▶ _What needs to be done_:
After finding the line with "Asheville House |" in the entries below, retype exactly each line from there through the line with "3 bed, 2.0 bath, 2300 sqft, $2,200 — Photo 4", including that final line.

▶ _Provided data_:
________________________________________
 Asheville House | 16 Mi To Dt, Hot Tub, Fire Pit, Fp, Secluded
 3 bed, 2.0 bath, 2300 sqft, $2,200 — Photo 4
________________________________________
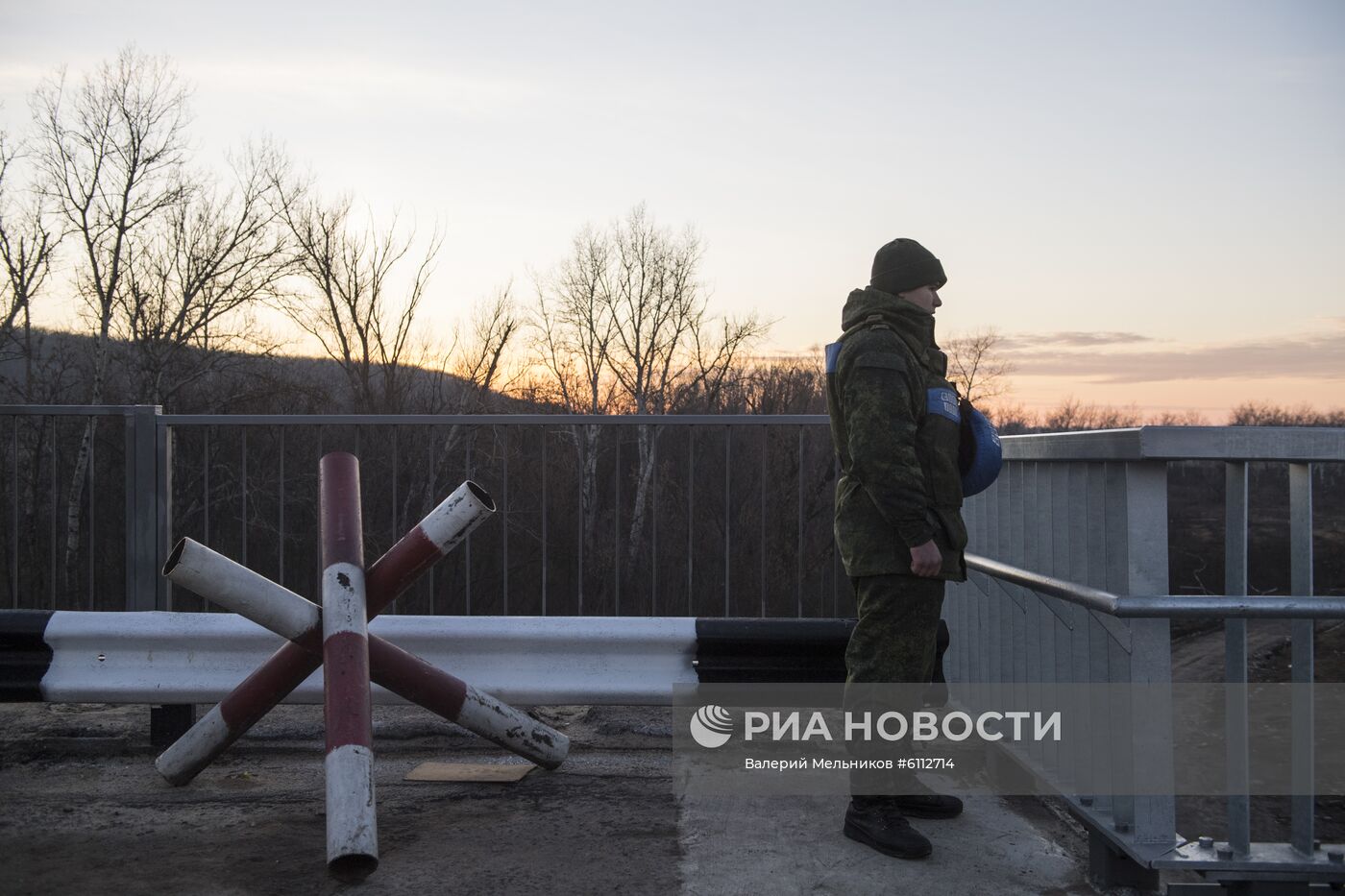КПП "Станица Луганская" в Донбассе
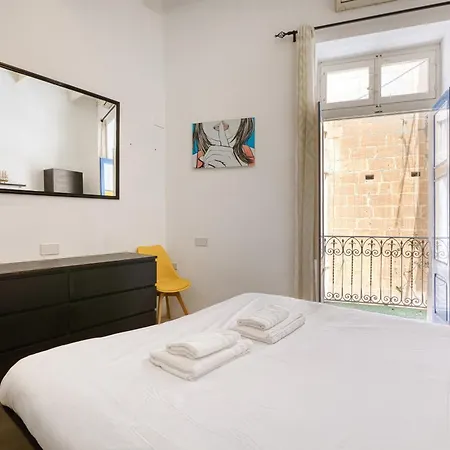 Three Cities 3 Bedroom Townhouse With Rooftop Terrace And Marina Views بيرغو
________________________________________
▶ _Solution for this problem_:
 Asheville House | 16 Mi To Dt, Hot Tub, Fire Pit, Fp, Secluded
 3 bed, 2.0 bath, 2300 sqft, $2,200 — Photo 4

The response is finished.